--- AVAILABLE RECORDS Enclosed Below ---

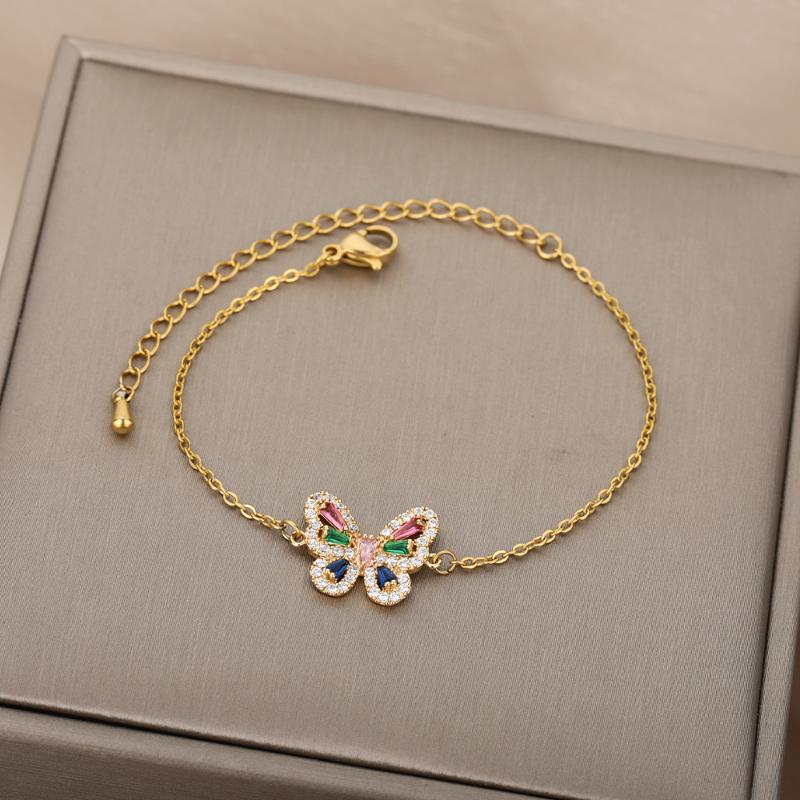 Link, Chain Zircon Jewelry Shiny Butterfly Charm Bracelet Colorful CZ Stone Bracelets For Women Wedding Bridal Gift
Link, Chain Zircon Jewelry Shiny Butterfly Charm Bracelet Colorful CZ Stone Bracelets For Women Wedding Bridal Gift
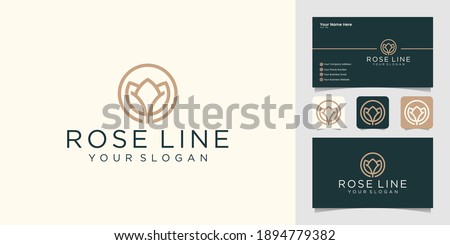 Minimalist flower style line art logo template and business card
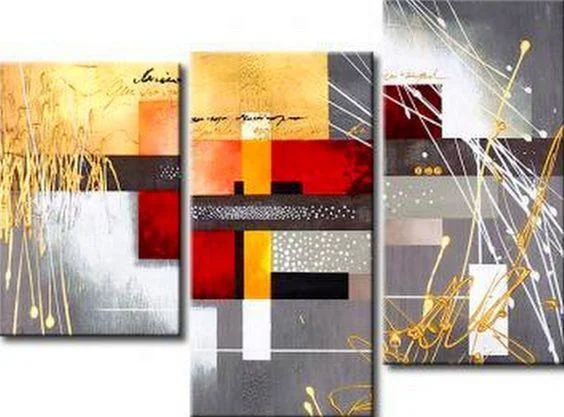 Antique silver photo frames-3 Piece Wall Art, Abstract Acrylic Paintings, Texture Artwork, Acrylic Painting on Canvas, Modern Wall Art Paintings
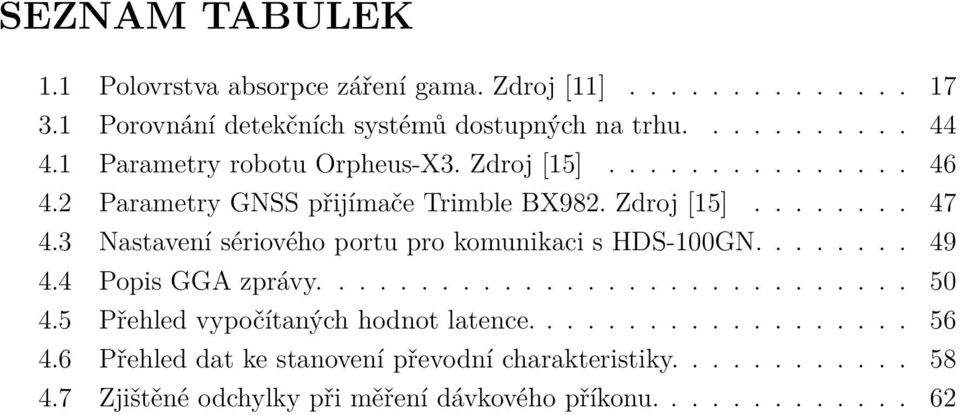 3 Nastavení sériového portu pro komunikaci s HDS-100GN........ 49 4.4 Popis GGA zprávy............................. 50 4.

--- End of Enclosed AVAILABLE RECORDS ---

- TRY IT -
Copy the listing over exactly, skipping the pictures it holds.

- FINISHED EXERCISE -
 Link, Chain Zircon Jewelry Shiny Butterfly Charm Bracelet Colorful CZ Stone Bracelets For Women Wedding Bridal Gift
Link, Chain Zircon Jewelry Shiny Butterfly Charm Bracelet Colorful CZ Stone Bracelets For Women Wedding Bridal Gift
 Minimalist flower style line art logo template and business card
 Antique silver photo frames-3 Piece Wall Art, Abstract Acrylic Paintings, Texture Artwork, Acrylic Painting on Canvas, Modern Wall Art Paintings
 3 Nastavení sériového portu pro komunikaci s HDS-100GN........ 49 4.4 Popis GGA zprávy............................. 50 4.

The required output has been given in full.